▸ **Input for this task**
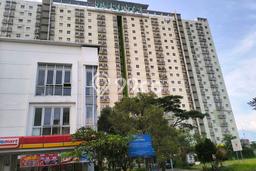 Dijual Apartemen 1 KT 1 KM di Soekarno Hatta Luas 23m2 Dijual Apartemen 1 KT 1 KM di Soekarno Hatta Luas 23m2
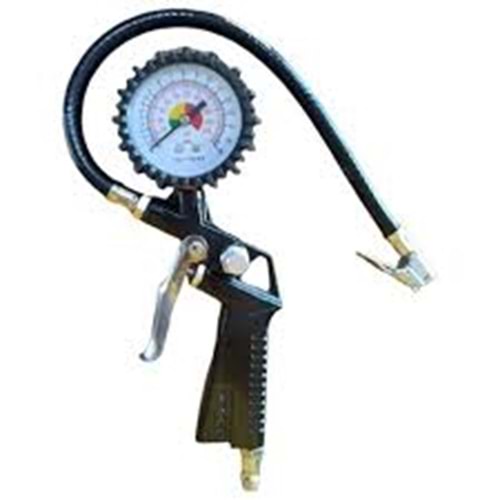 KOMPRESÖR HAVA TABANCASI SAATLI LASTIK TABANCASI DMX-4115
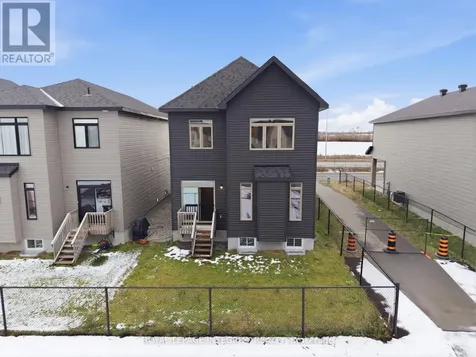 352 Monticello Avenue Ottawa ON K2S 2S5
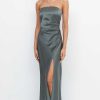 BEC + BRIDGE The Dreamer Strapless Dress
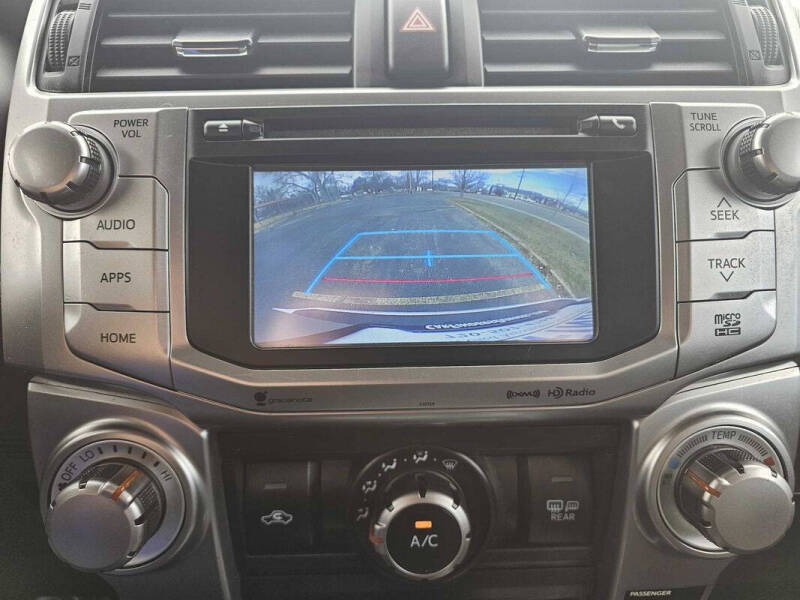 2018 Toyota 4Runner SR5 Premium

▸ **Work item**
Your copy should match the records above word for word, but without images.

▸ **Output below**
 Dijual Apartemen 1 KT 1 KM di Soekarno Hatta Luas 23m2 Dijual Apartemen 1 KT 1 KM di Soekarno Hatta Luas 23m2
 KOMPRESÖR HAVA TABANCASI SAATLI LASTIK TABANCASI DMX-4115
 352 Monticello Avenue Ottawa ON K2S 2S5
 BEC + BRIDGE The Dreamer Strapless Dress
 2018 Toyota 4Runner SR5 Premium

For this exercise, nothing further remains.